[Crawled caption data]
++++++++++++++++++++

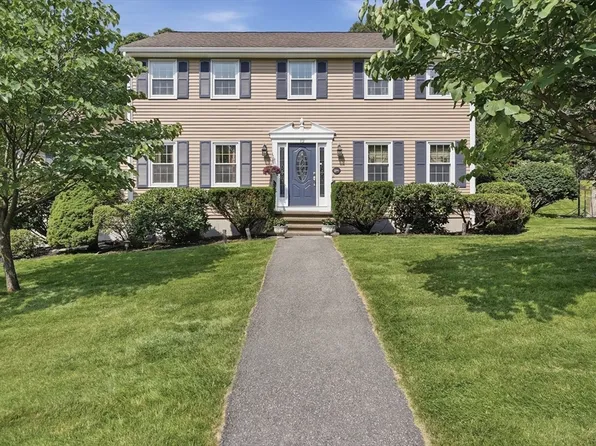 12 Heritage Dr, Woburn, MA 01801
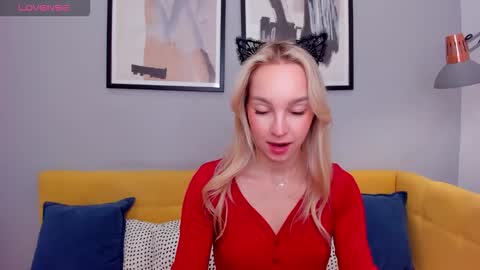 daisymellifluous online show from January 19, 1:24 am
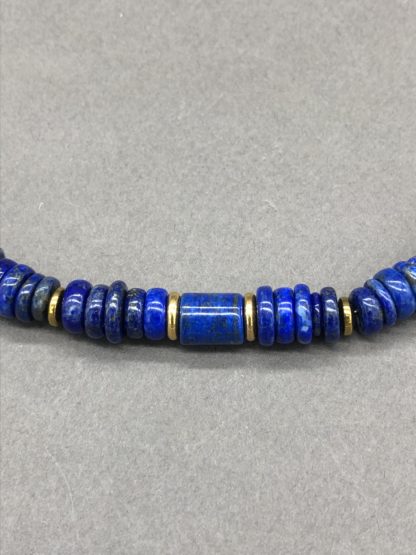 collier ras du cou en perles de lapis lazuli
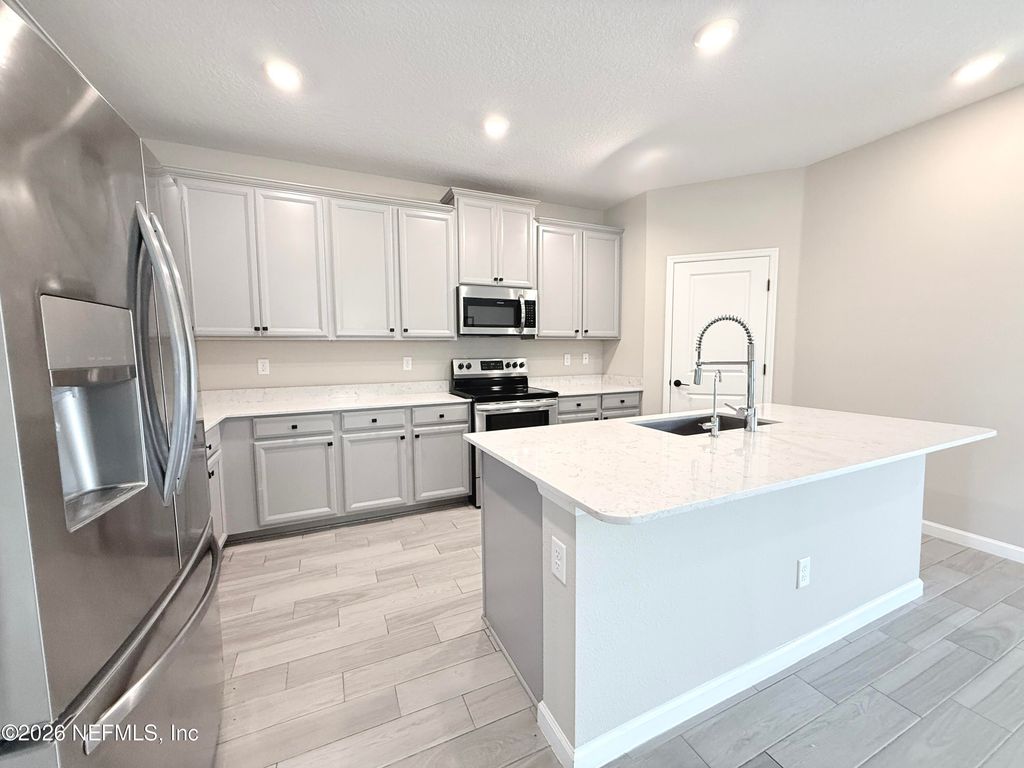 1699 ENCLAVE Road, Jacksonville, FL 32211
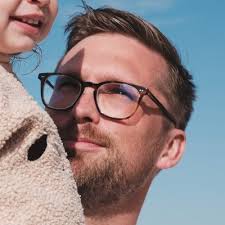 Ryan Edge techhub.social/@chimon 💙 (@chimon1984)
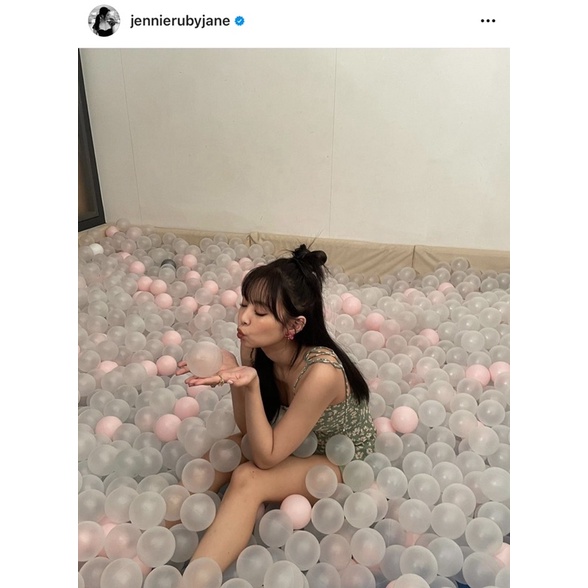 Váy hoa nhí xanh lá giống JENNIE BLACKPINK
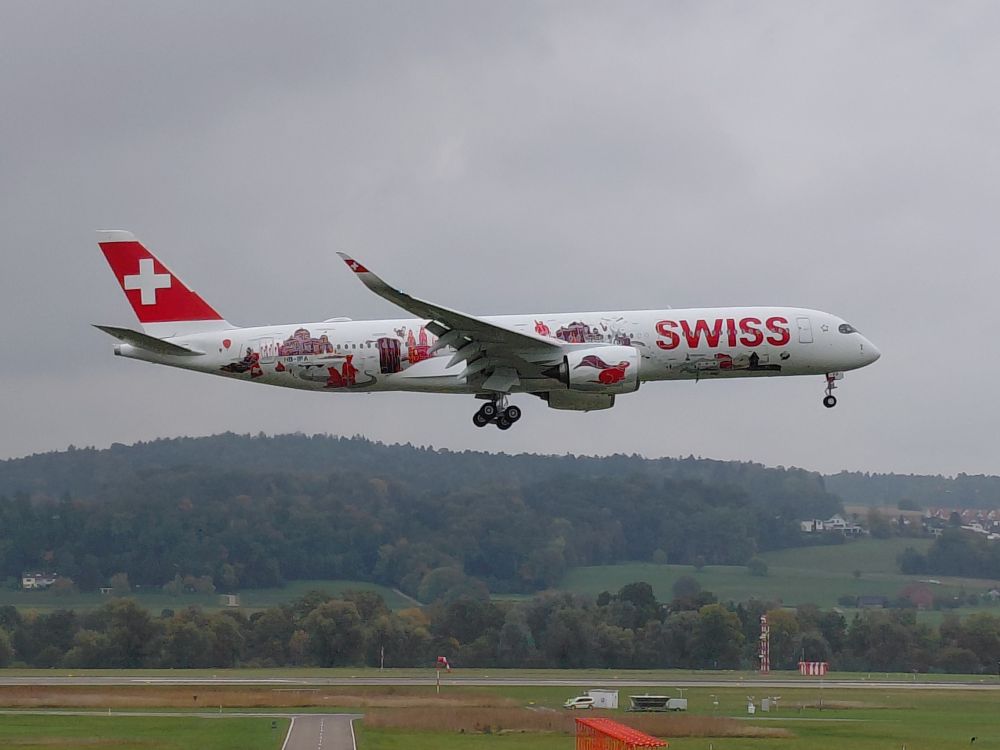 A350 landet in Zürich.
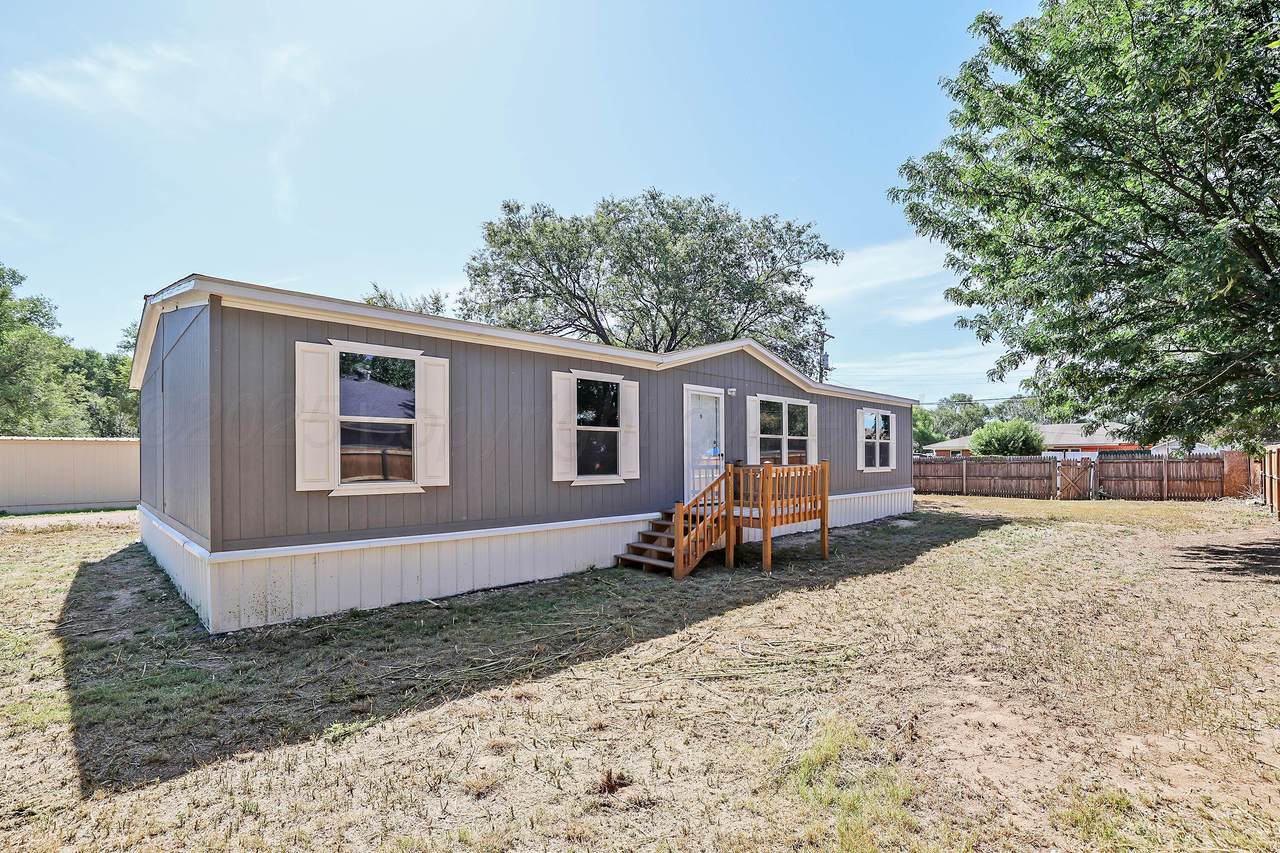 2 Oakwood Place - Photo 1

++++++++++++++++++++

• [TRY IT]: Each record above needs to be transcribed word for word, with its pictures omitted.

• [RESULT]:
 12 Heritage Dr, Woburn, MA 01801
 daisymellifluous online show from January 19, 1:24 am
 collier ras du cou en perles de lapis lazuli
 1699 ENCLAVE Road, Jacksonville, FL 32211
 Ryan Edge techhub.social/@chimon 💙 (@chimon1984)
 Váy hoa nhí xanh lá giống JENNIE BLACKPINK
 A350 landet in Zürich.
 2 Oakwood Place - Photo 1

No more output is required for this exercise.